Exercise directions
Return, word for word, only the lines of the data below that lie between the line with "Breast Augmentation Case" and the line with "পারিবারিক বিরোধে শিশুকে", those two lines included.

Short descriptive text snippets
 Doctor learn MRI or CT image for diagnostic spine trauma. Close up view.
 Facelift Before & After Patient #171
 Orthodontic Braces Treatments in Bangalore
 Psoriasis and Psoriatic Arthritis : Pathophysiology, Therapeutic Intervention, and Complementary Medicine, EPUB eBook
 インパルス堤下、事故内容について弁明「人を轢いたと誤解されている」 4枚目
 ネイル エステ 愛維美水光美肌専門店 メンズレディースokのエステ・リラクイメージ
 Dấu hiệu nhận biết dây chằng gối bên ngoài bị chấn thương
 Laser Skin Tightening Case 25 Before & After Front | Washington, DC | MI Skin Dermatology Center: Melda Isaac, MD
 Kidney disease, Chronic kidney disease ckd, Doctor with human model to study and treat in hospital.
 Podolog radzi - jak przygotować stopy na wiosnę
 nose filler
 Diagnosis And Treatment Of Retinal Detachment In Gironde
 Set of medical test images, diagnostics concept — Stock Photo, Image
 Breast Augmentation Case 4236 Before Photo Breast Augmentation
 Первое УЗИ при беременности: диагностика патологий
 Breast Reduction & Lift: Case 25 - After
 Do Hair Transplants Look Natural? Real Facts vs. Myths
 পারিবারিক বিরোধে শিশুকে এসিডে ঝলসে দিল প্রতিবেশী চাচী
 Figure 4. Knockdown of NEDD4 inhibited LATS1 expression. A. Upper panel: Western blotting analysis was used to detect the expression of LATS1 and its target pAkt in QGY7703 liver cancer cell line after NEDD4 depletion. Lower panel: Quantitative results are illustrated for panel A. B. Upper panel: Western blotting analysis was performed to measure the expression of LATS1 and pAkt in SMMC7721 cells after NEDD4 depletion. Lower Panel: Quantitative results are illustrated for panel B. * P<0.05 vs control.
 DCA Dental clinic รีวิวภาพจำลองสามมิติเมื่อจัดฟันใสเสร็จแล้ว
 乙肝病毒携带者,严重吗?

Response to this task
 Breast Augmentation Case 4236 Before Photo Breast Augmentation
 Первое УЗИ при беременности: диагностика патологий
 Breast Reduction & Lift: Case 25 - After
 Do Hair Transplants Look Natural? Real Facts vs. Myths
 পারিবারিক বিরোধে শিশুকে এসিডে ঝলসে দিল প্রতিবেশী চাচী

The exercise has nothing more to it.